What needs to be done -> Starting from the top of the entries below and ending with the line containing "various paint projects", restate every line word for word, pictures omitted.
##### Data to examine #####
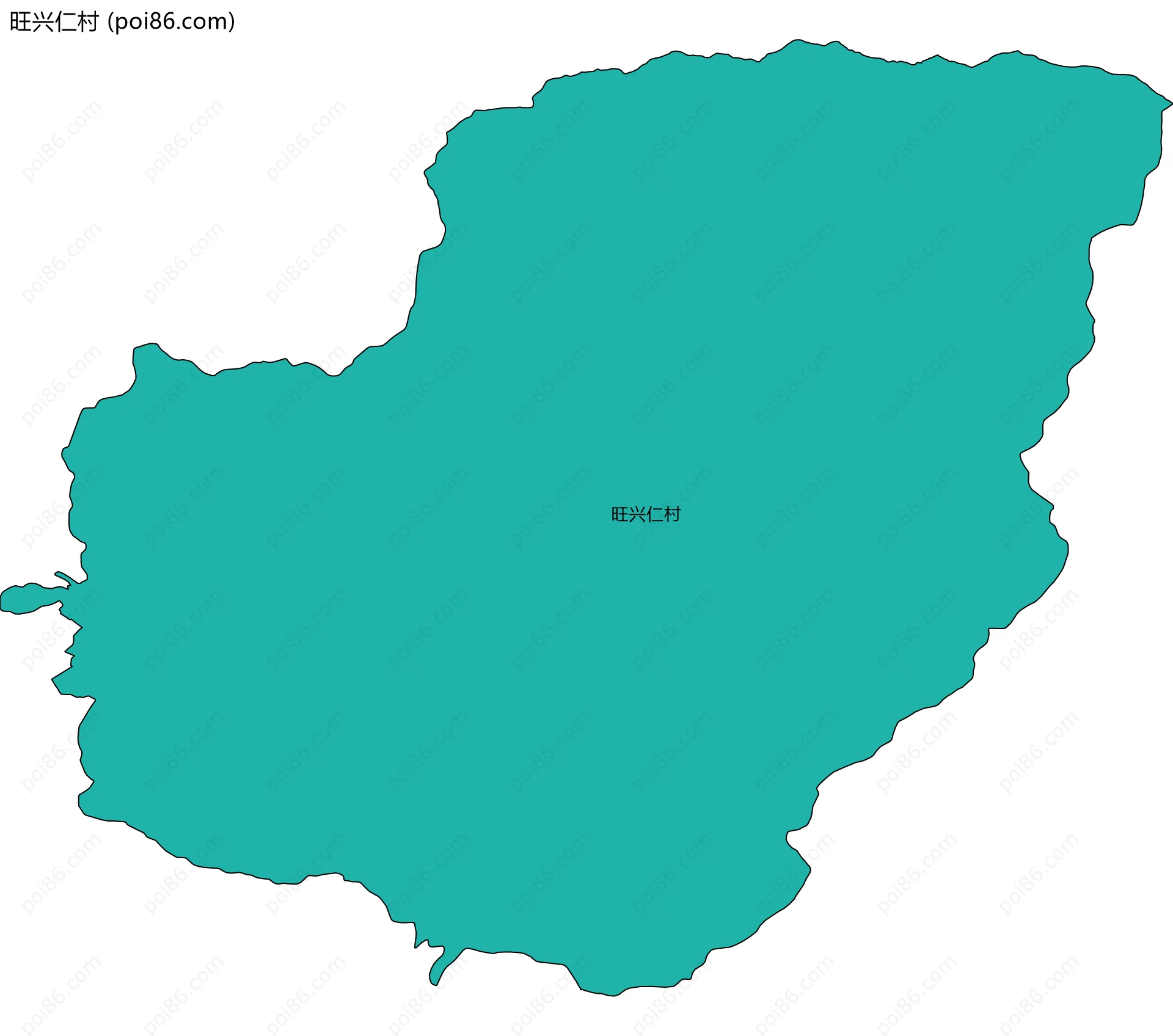 旺兴仁村边界地图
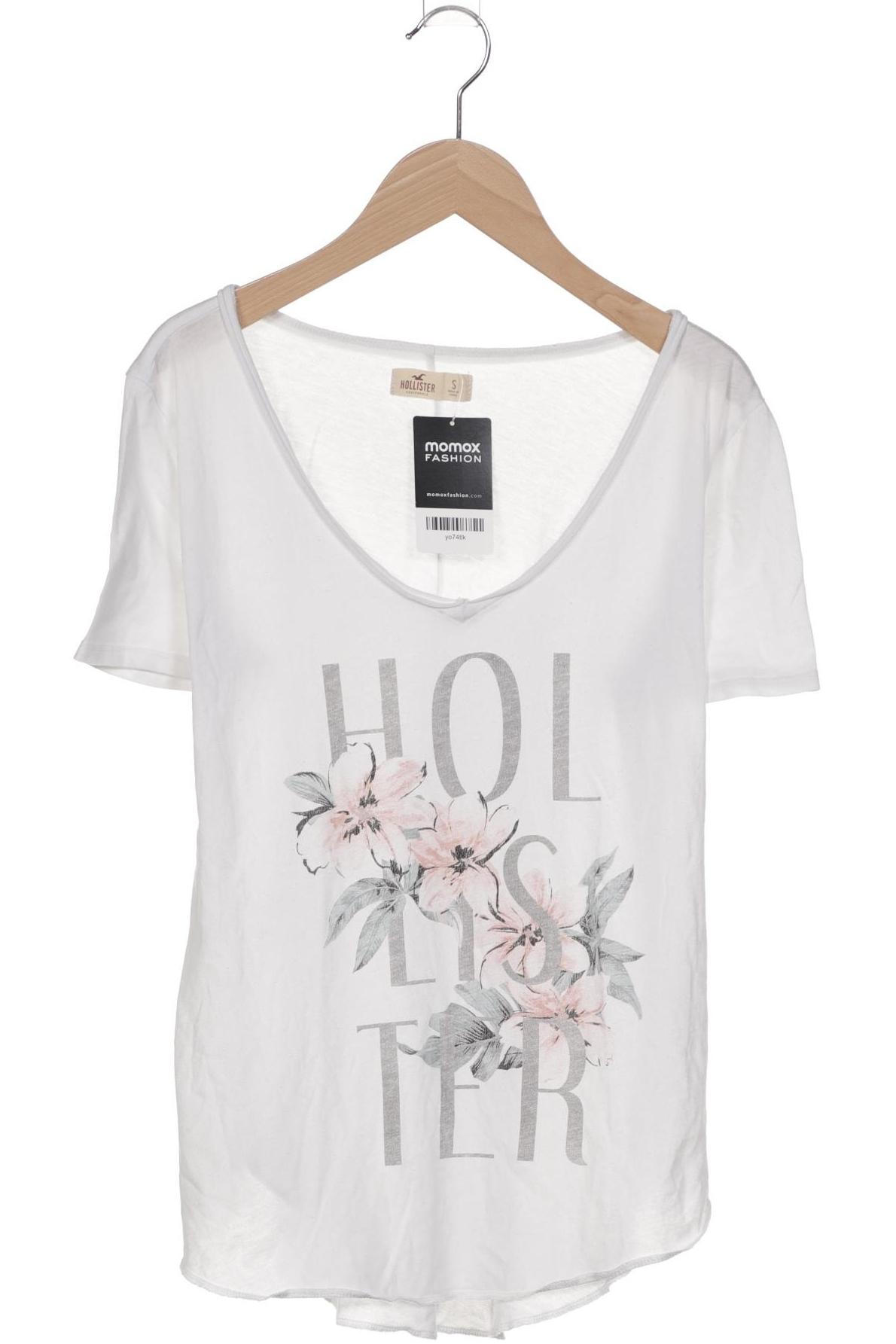 

Hollister Damen T-Shirt, weiß, Gr. 36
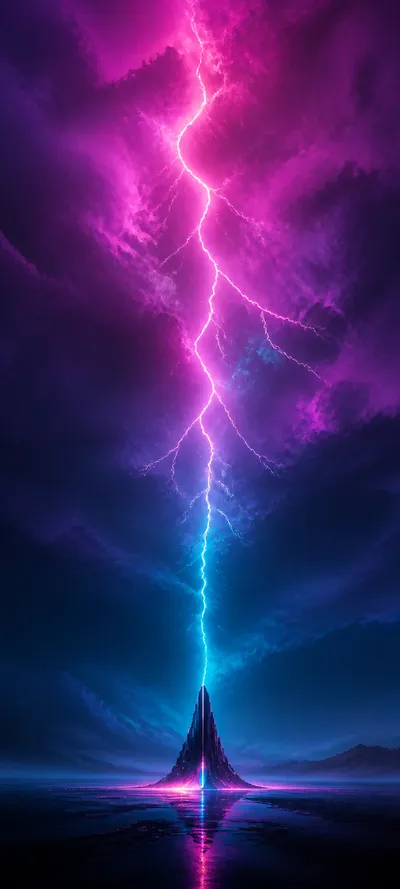 Minimal Iconic Neon Storm
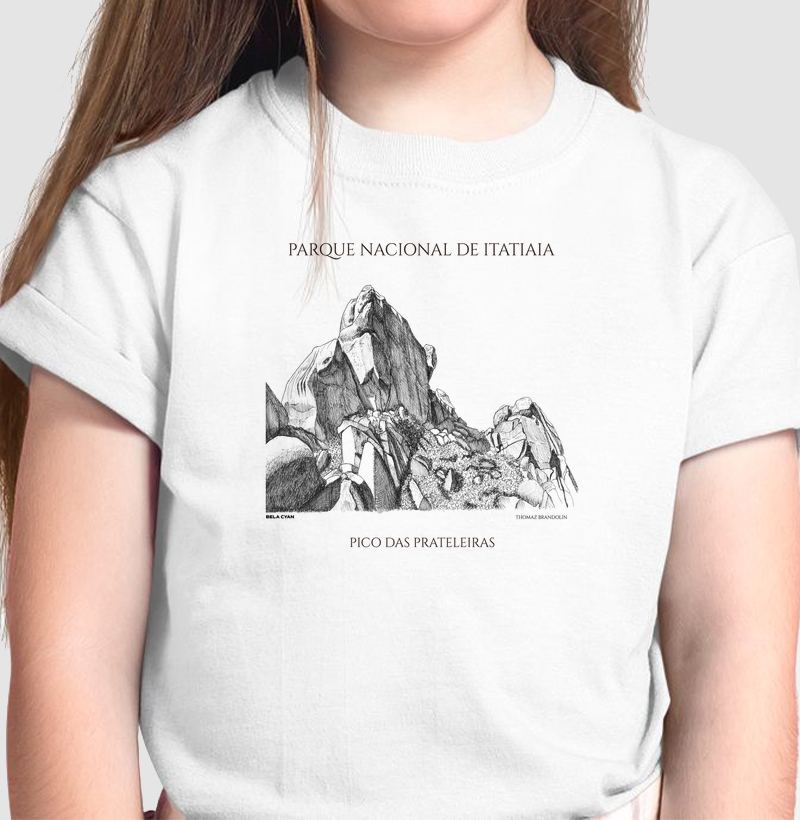 Camiseta Infantil Parque Nacional de Itatiaia - Pico das Prateleiras, em Desenho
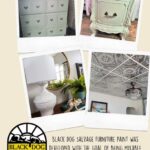 various paint projects using Black Dog Salvage Furniture Paint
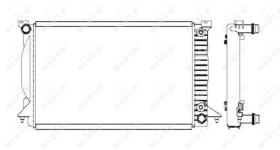 Nrf 50544 - RADIADOR ALU BRAZED AUDI A4 00-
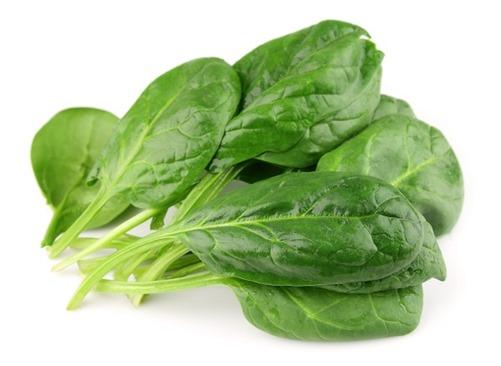 Spinach on white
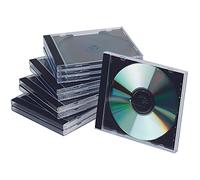 Caja DE CD Q-Connect -con Interior Negro -Pack DE 10 Unidades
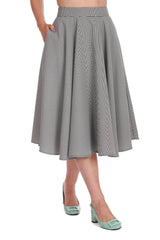 SALING BREEZE SWING SKIRT-Black
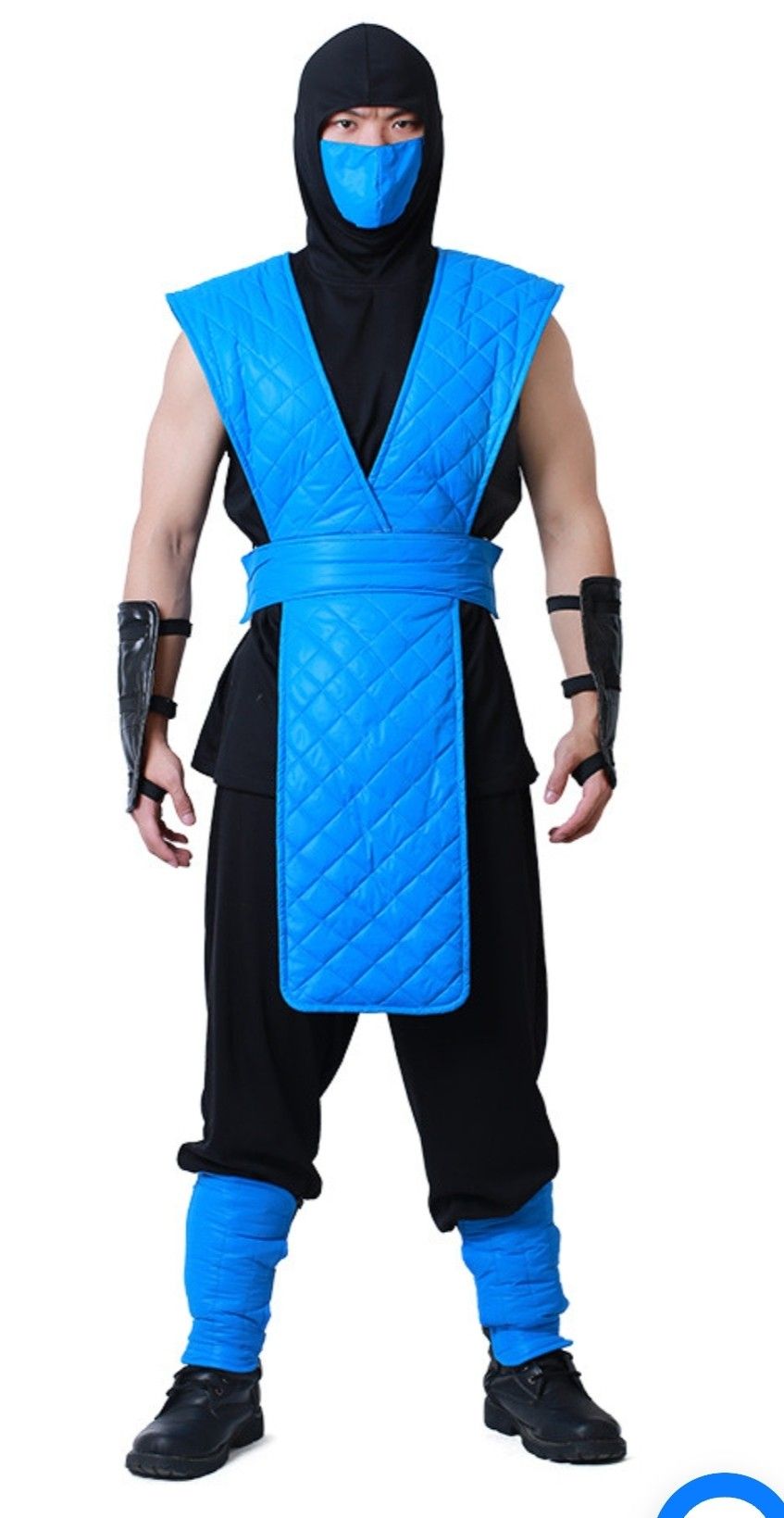 Mortal Kombat Sub-Zero Cosplay Costume adult size large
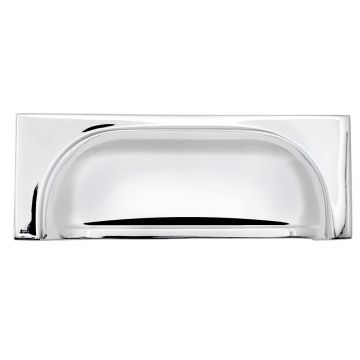 Arterberry Cup Drawer Pull 108 mm Polished Chrome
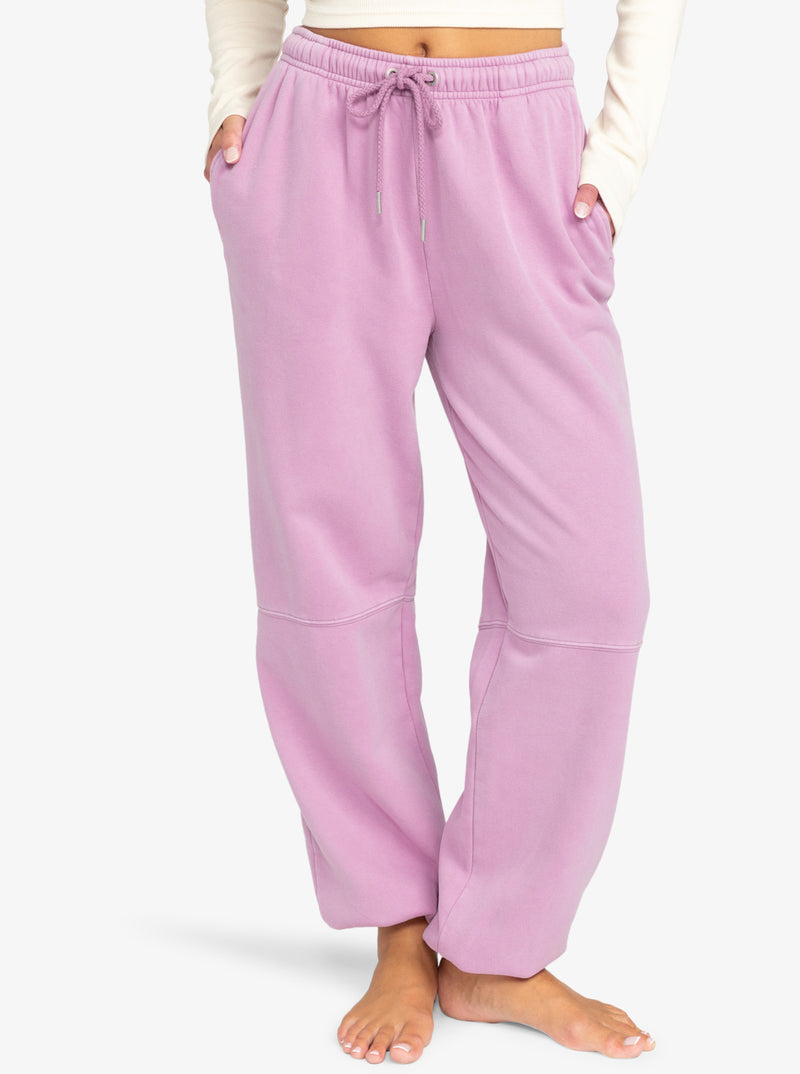 Load image into Gallery viewer, Roxy Women&#39;s Oasis Haze Elastic Waist Pants Mauve Orchid ERJFB03443_PJP0
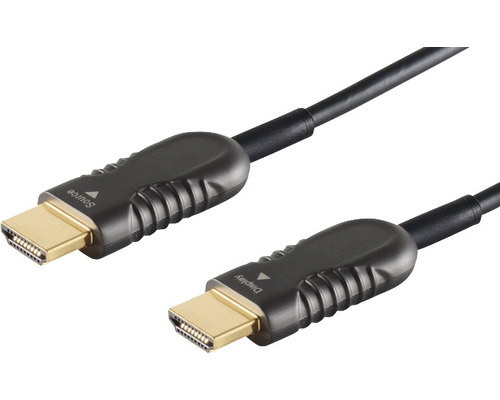 Optisches HDMI Anschlusskabel 19P19C-Stecker 30 m HDMI Kabel mit Source und Display Markierung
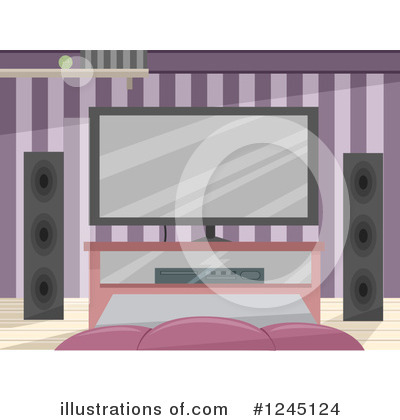 Royalty-Free (RF) Tv Clipart Illustration by BNP Design Studio - Stock Sample #1245124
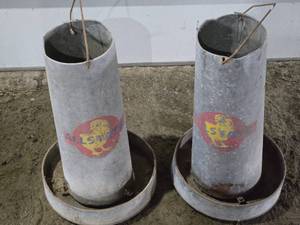 All-Star Galvanized Metal Chicken Feeders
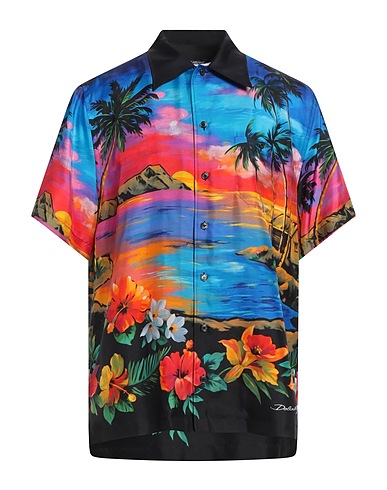 DOLCE&GABBANA Patterned shirt 100% Silk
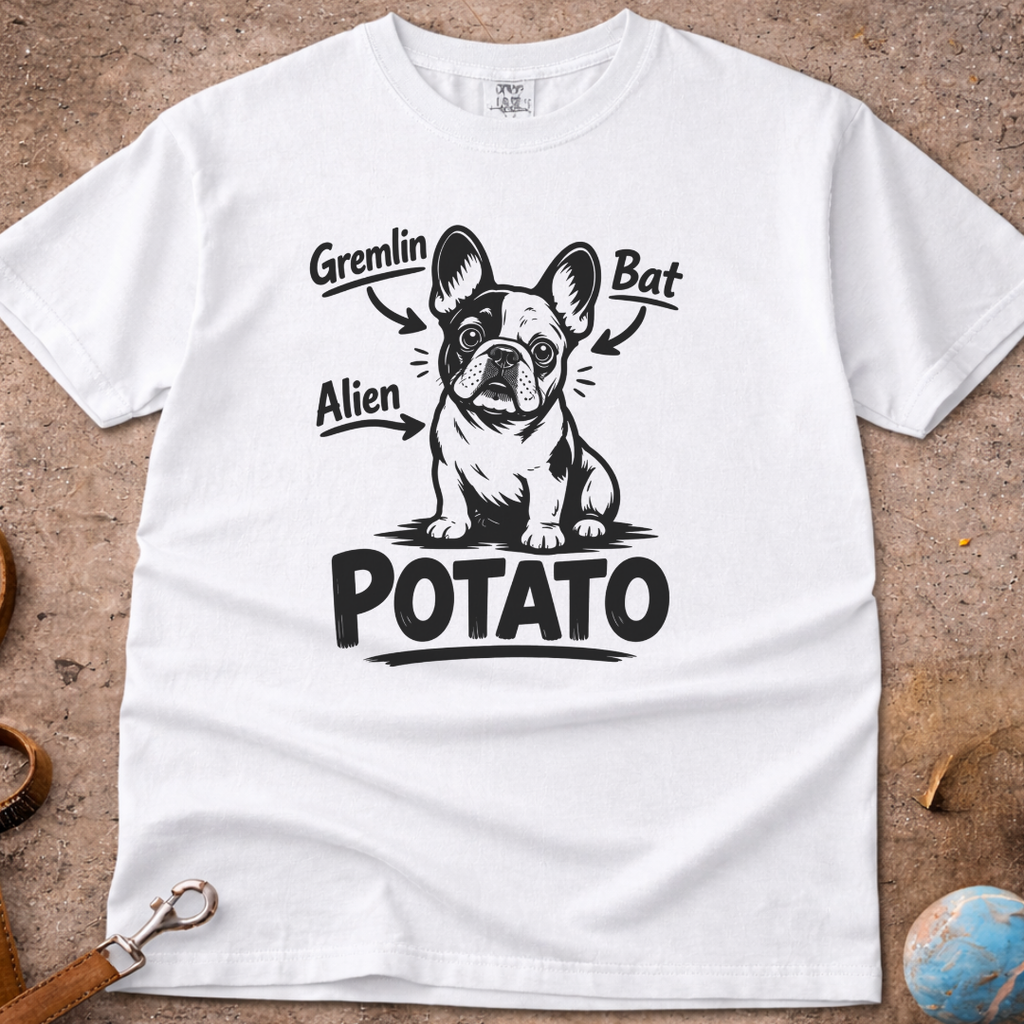 French Bulldog (Frenchie) Potato T-Shirt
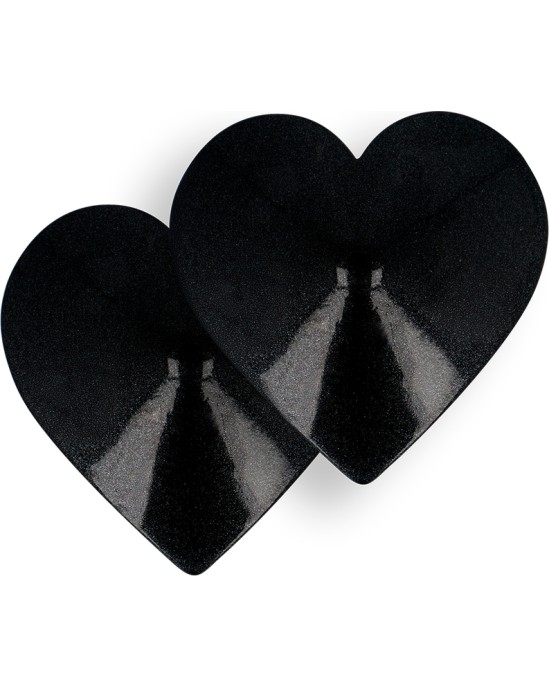 Coquette Accessories COQUETTE CHIC DESIRE - BLACK HEARTS NIPPLE COVERS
#####
Answer to this problem ->
 旺兴仁村边界地图

Hollister Damen T-Shirt, weiß, Gr. 36
 Minimal Iconic Neon Storm
 Camiseta Infantil Parque Nacional de Itatiaia - Pico das Prateleiras, em Desenho
 various paint projects using Black Dog Salvage Furniture Paint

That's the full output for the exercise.